Thank you for your kind words, William. Compression ratio on these opposed cylinder engines is set by total combustion chamber volume, and by spacer rings between the bottom of the cylinder and the case.  My interest in decking the case was only to make certain all four decks are equidistant from the crankshaft centerline.  With this done, I can now CC the heads to match volumes to within .1 CC, and then set proper valve train geometry. The result is improved power (because cylinders are not "fighting" each other on power stroke), much smoother running, better economy, and much better reliability.

The engine will go into my Sonerai IILS, a 150mph two seater, capable of moderate aerobatics.  I am building from plans, and raw materials.

Tom


----------



## GK1918 (Mar 10, 2014)

I trust that you follow the "flatnuzt" vidio  channel  ;  that is what they do...


----------



## n3480h (Mar 10, 2014)

Yes, I've seen his videos.  Wish I had the CNC for this kind of thing, but I get by.  My mentor is a guy in Quebec, with thousands of hours of experience with VW's, including the very successful one in his plane.

Tom


----------



## vapremac (Mar 10, 2014)

Tom ,

I am truly impressed by what you are doing , countless hours of planning and research must
have gone in to this.

William


----------



## n3480h (Mar 10, 2014)

Thank you again, William.  I am a private pilot, but hate renting planes, and can't afford the cost of a reliable used plane, so I build my own. This is my second - the first was a high performance biplane.  
It is the learning I love.  How to correctly weld with oxy-acetylene so I could weld the 4130 tube fuselage.  Then it was fabric work to cover the fuselage. Then composite layups for the canopy skirt.  Then painting. Then the engine, which requires machine work. Wings are aluminum, so I will learn more about riveting, including AN solid rivets.  Those of us who build think of these things as a series of manageable projects that one day are assembled into something fun to look at and fun to use.  It's the same as the guy who restores a car (or a machine tool), builds a dragster, or builds his own house. If we made a list of all that has to be done, we'd never take on such a huge thing. But, assembly by assembly . . . its manageable.

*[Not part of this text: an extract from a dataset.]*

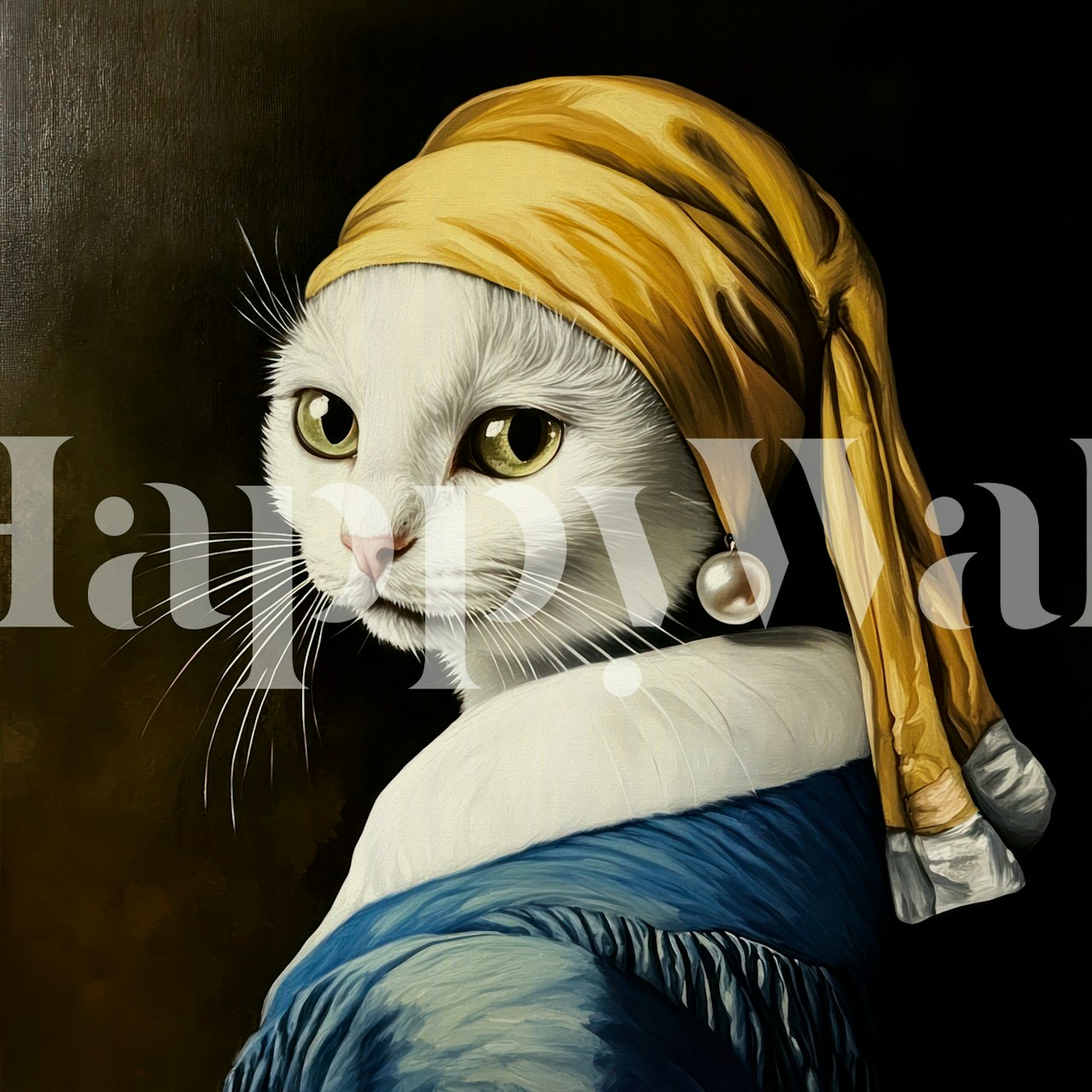White cat wearing yellow headscarf and pearl earring, blue draped clothing wallpaper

There is great joy in knowing that this aircraft is much stronger than a production aircraft, is far more efficient, and that I can fly it anywhere I'd care to go.  The first long flight will be to Custer State Park in SD.  From there, I can walk to trout water, catch my supper, and sleep under the wing.  Then its on to the next project.

Tom

My first build   v


----------



## xalky (Mar 10, 2014)

Awesome! :man:


----------